Many educators, including the New Jersey Education Association, have backed the standards, Hespe noted.

“I think it’s good for the nation to have common standards, so that as we look to educating children for a global economy we are all coming from the same place,” Old Bridge Superintendent David Cittadino said. “It’s important that when a child is moving from state to state, that he or she is coming in with common expectations.”

Cittadino believes the recent backlash has grown out of other states’ experiences, especially New York, which is a year ahead in the cycle and saw its student test scores plummet in the first year of implementation. And New Jersey teachers have been bombarded with change this year. In addition to the Common Core, the new teacher tenure law went into effect and PARCC is on the horizon.

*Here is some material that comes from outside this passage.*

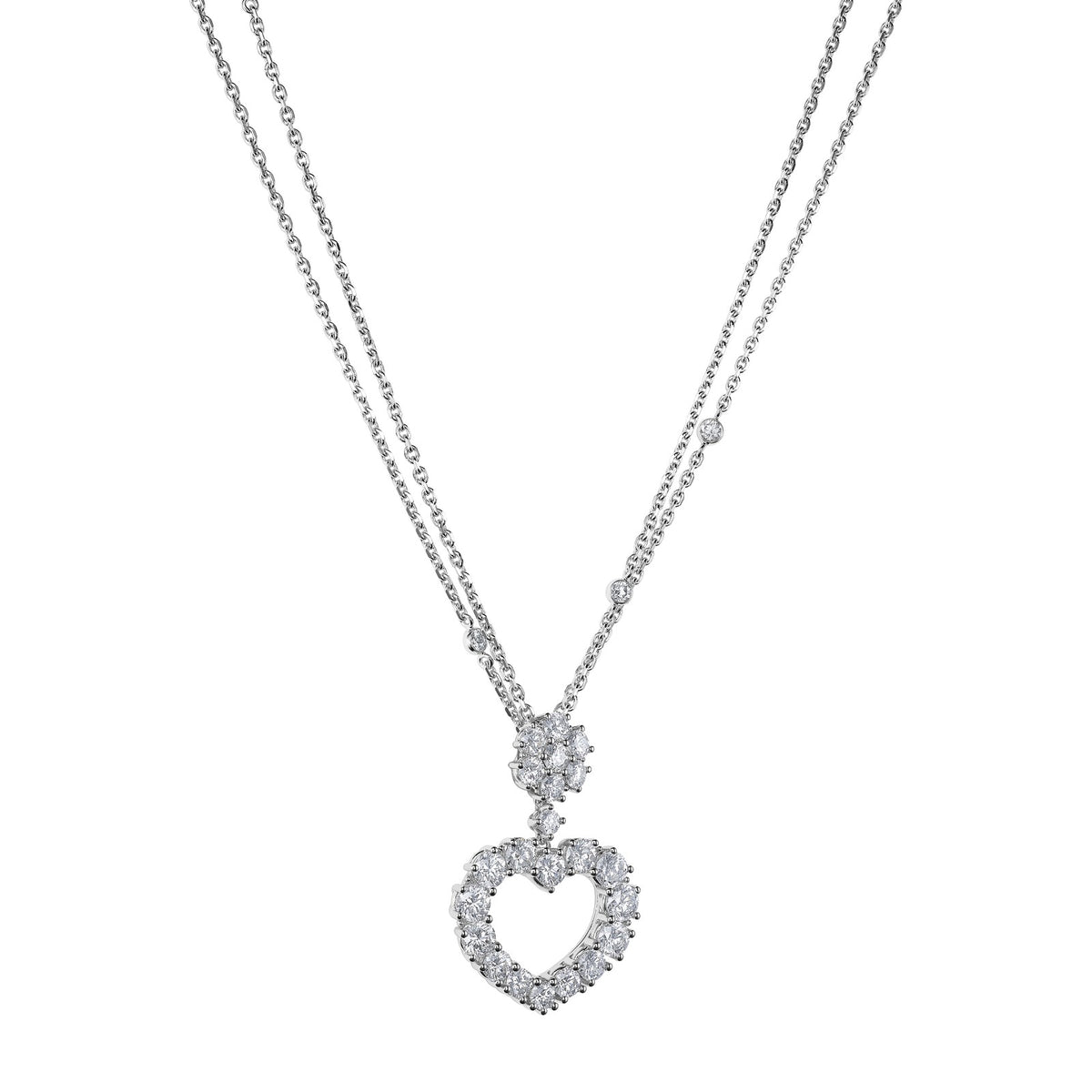 Chopard L'Heure du Diamant pendant in 18k ethical white gold with diamonds, view 2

“Some people get anxiety,” he said.

And taxpayers are starting to question the cost.

“People are seeing how their taxes are adversely affected. Towns are spending $500,000 to $750,000 for Common Core and PARCC,” said Adams, of the Eagle Forum. Those costs cover technology and new course materials.

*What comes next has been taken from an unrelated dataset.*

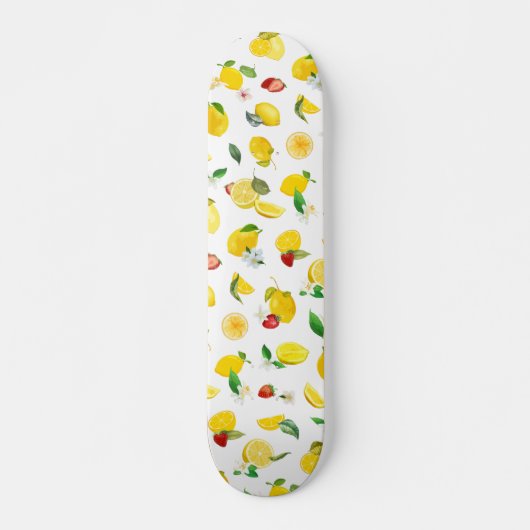 Lemon en aardbei 2 persoonlijk skateboard (Voorkant)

As the new school year begins, proponents are promising to improve communication with parents in order to dispel their fears, while critics pledge to continue their campaign.
Tienken, for one, thinks the opponents will gain ground.

“There will be more and more pressure to loosen the reins, and state departments of education will give districts more leeway, and slowly (the standards) will be eroded,” Tienken predicted. “And once the PARCC tests hit 20 states, you’ll see it see it accelerate greatly this year.”